EXERCISE DIRECTIONS —
Where a line below carries the word "featuring", include it in the count, then give the count alone.

RECORDS FOR PROCESSING below:

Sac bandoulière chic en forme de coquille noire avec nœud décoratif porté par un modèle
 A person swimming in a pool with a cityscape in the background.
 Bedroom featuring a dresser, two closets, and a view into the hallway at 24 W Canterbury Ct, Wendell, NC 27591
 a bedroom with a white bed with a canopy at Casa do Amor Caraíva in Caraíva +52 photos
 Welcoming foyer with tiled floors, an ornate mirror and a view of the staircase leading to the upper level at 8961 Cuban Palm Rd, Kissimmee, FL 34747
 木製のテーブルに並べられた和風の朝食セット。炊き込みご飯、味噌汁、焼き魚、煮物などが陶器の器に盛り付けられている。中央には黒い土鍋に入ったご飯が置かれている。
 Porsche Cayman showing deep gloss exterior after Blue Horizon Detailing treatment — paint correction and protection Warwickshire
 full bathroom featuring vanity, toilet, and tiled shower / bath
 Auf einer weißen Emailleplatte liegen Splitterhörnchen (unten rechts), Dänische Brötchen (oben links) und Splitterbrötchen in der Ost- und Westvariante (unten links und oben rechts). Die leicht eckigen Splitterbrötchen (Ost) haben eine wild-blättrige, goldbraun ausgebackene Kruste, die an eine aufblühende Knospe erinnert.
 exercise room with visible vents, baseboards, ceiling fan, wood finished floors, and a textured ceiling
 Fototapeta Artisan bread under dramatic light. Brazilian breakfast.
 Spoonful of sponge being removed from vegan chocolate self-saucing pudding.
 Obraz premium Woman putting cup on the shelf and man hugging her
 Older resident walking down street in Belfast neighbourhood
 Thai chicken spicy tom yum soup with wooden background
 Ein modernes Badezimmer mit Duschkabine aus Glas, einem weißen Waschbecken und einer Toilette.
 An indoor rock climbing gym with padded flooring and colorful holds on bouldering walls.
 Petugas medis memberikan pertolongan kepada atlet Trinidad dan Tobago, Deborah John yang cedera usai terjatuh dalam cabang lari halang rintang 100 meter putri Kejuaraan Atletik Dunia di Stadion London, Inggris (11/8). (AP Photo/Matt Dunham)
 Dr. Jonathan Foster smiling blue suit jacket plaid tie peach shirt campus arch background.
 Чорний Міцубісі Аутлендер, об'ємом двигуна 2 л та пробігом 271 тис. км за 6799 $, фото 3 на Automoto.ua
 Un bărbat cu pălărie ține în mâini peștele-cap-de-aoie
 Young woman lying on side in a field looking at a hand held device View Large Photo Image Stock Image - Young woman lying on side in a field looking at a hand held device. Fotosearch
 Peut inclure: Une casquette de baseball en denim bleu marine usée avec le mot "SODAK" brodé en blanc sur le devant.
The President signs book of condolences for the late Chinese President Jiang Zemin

End of RECORDS FOR PROCESSING.

SOLVED PROBLEM —
2